Give back the full listing as written. No pictures go with it.
※
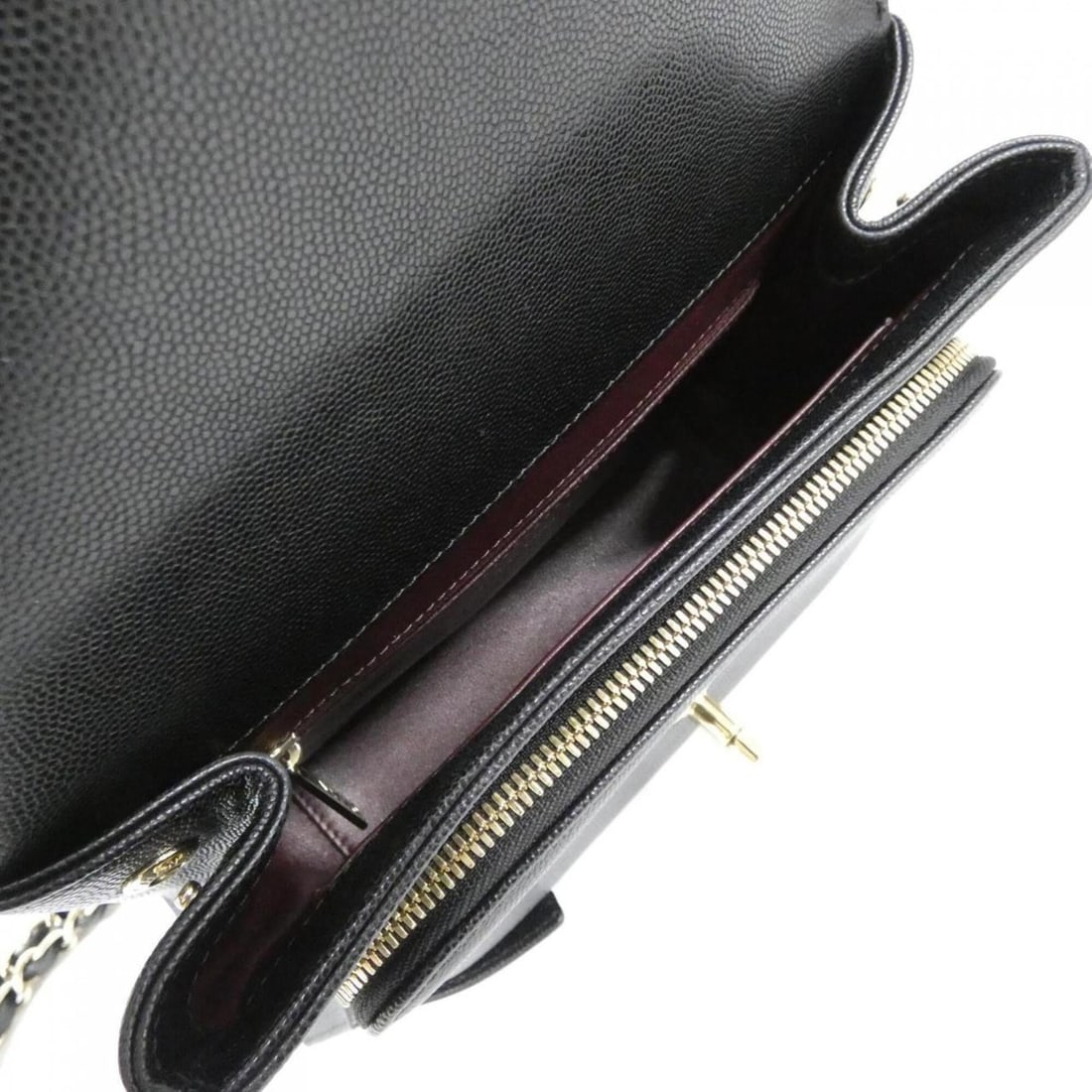 Chanel 93607 Handbag - 8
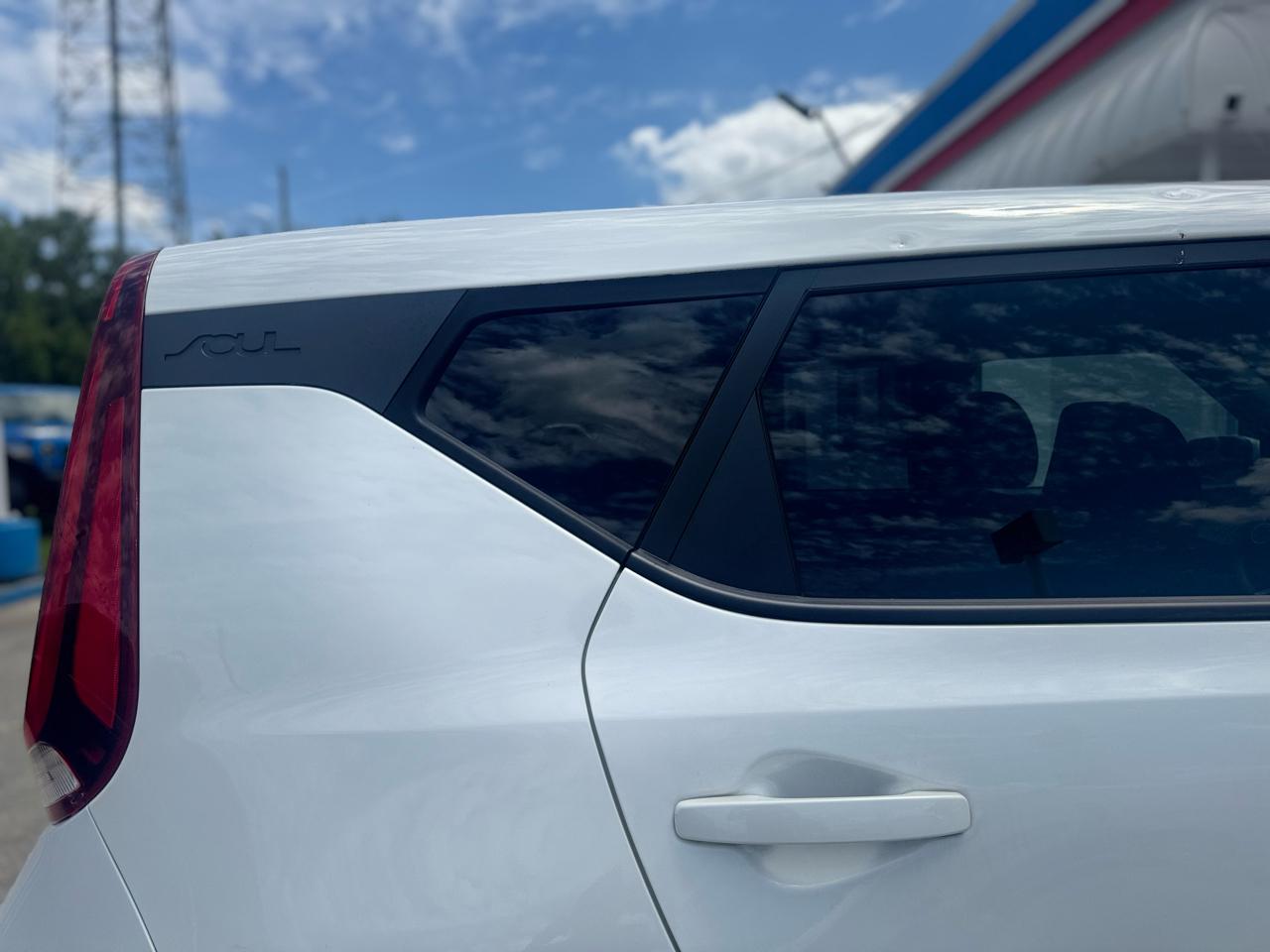 Kia Soul LX CVT 2022
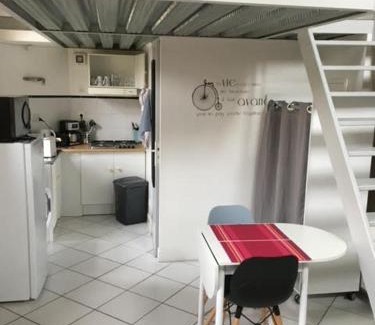 Rambouillet Apartment | Le Chateau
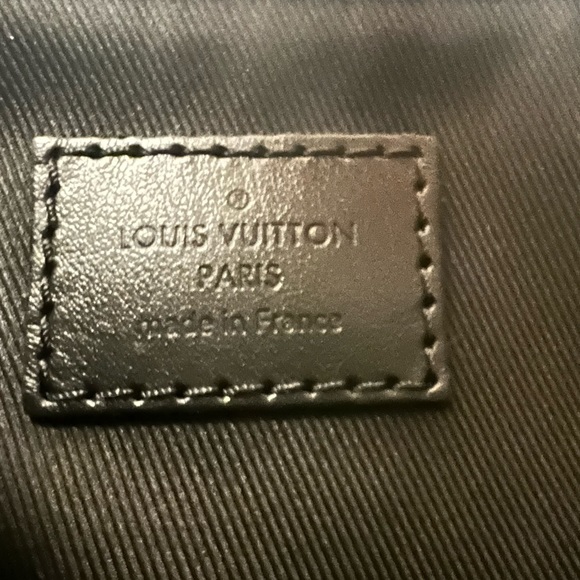 *Rare* Mens Louis Vuitton Christopher Bumbag (out of stock store wide) - Picture 7 of 7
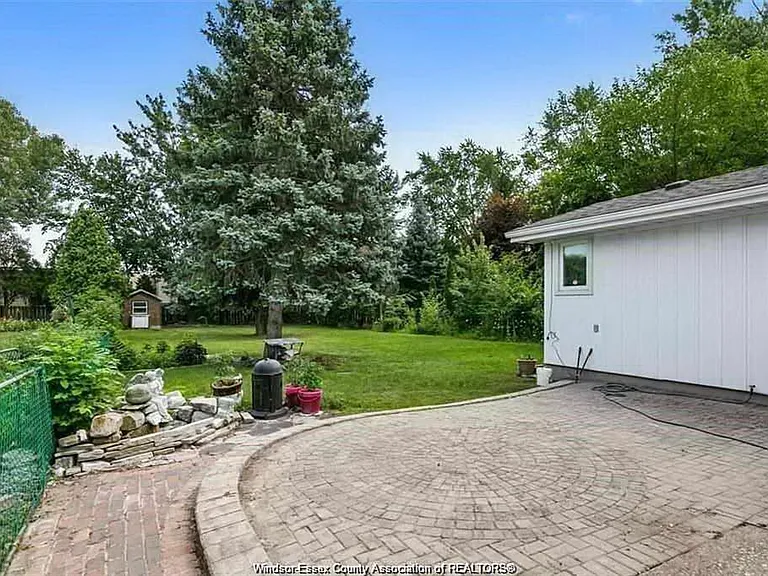 6711 Riverside Dr E — Photo 4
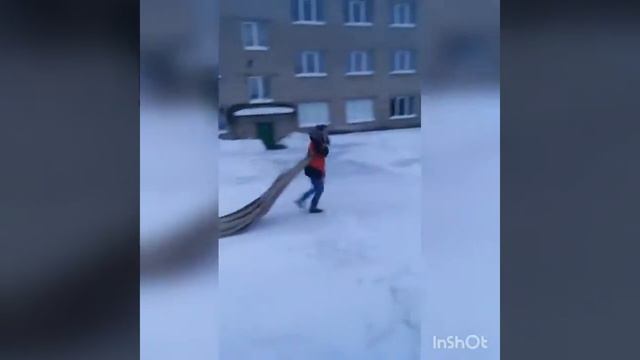 Как правильно выбивать ковер ? Run смотреть онлайн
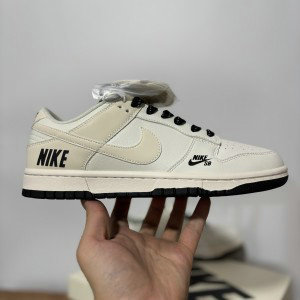Nike Dunk Low White Shoes 2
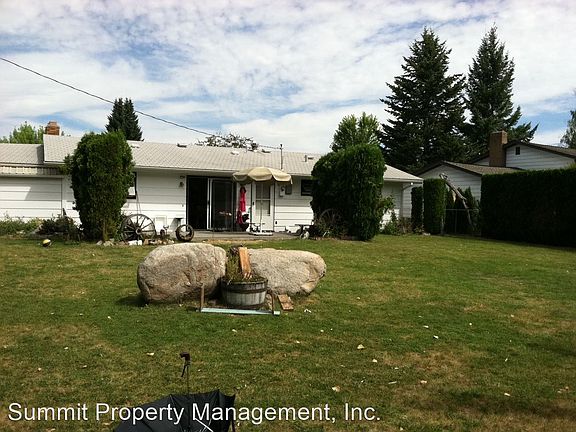 3rd image of 915 Dixon Ave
※
**Result of the exercise:**
 Chanel 93607 Handbag - 8
 Kia Soul LX CVT 2022
 Rambouillet Apartment | Le Chateau
 *Rare* Mens Louis Vuitton Christopher Bumbag (out of stock store wide) - Picture 7 of 7
 6711 Riverside Dr E — Photo 4
 Как правильно выбивать ковер ? Run смотреть онлайн
Nike Dunk Low White Shoes 2
 3rd image of 915 Dixon Ave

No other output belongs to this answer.